This abstract photo was made in January 2019 whilst I was on a coastal poodlewalk along the southern Fleurieu Peninsula with Kayla. The picture or image was made in the early morning near from Petrel Cove in the summer light.
The word 'image’ often gets tied to the arbitrariness entailed in individual perception and opposed to the external solidity associated in the vocabulary of ordinary language philosophy with the ‘picture’. Susan Sontag held that images don’t tell us anything, they remind us what is important. This implies that the ‘image’ as a type of inner perception, or mental idea, impression or memory.
This can be interpreted along the lines that an image that exerts a hold and that lives beyond its medium presupposes an agent who is engaged by it, i.e., who finds it meaningful or significant. An image is a sensuous experience of meaning that organises a world. It possesses a communicative force that is surplus to its perceptible form.
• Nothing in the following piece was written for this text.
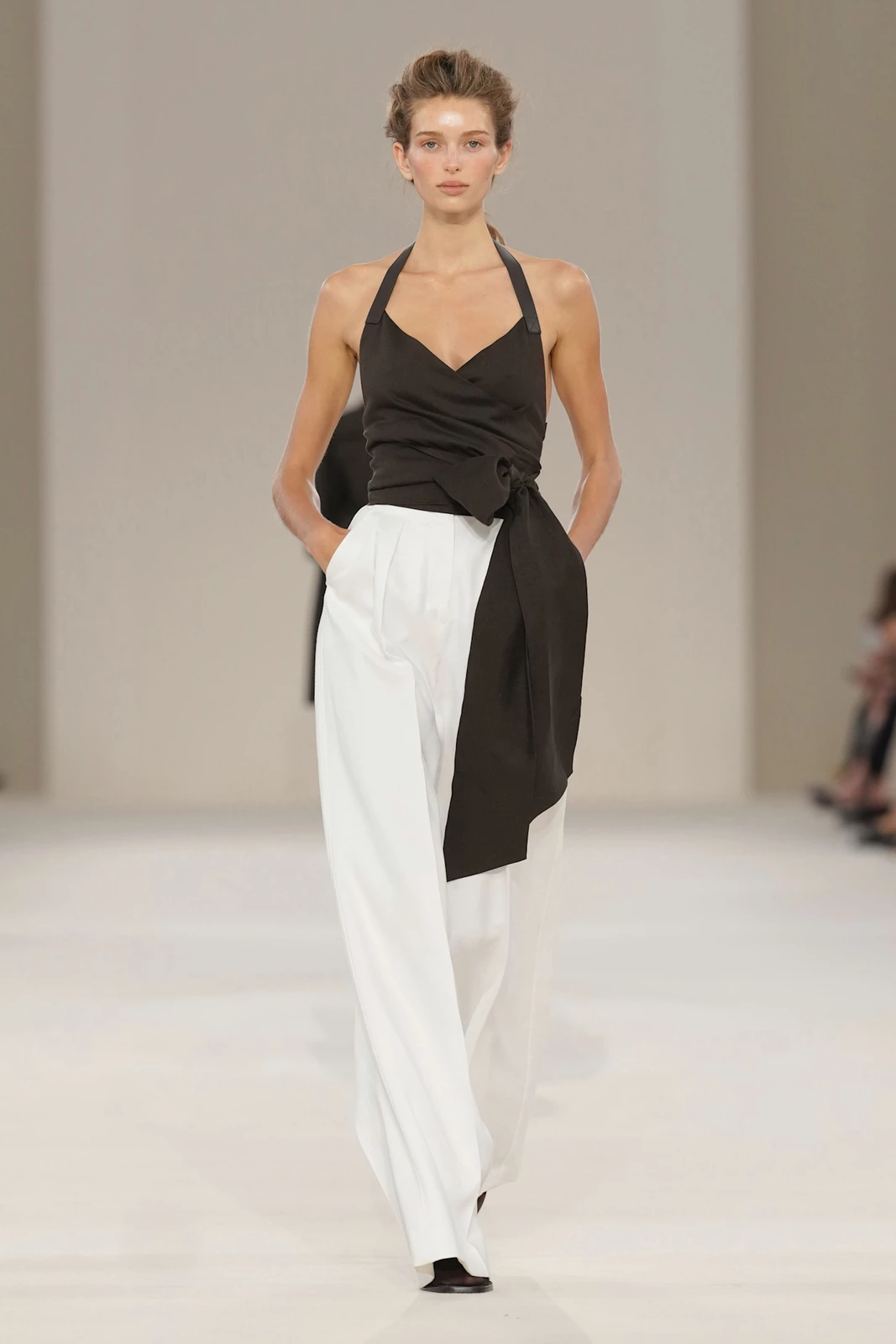 Max Mara S27 010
This is a converted black and white version of the previous image. I was working my way around the granite formation, just around the western corner of Petrel Cove, and I saw the shapes-- perceptible form--- of the granite in black and white:
The meaning embodied in the image is the ‘something more’ than the form. The something more is contributed by its dynamic relation with the recipient of the image. As such, the capacity to convey meaning does not belong to the perceptible form per se. This means that the something more of the image must include memory, dreams and imagination.
The image is transferrable to contexts other than its original one and it can take on additional layers of meaning.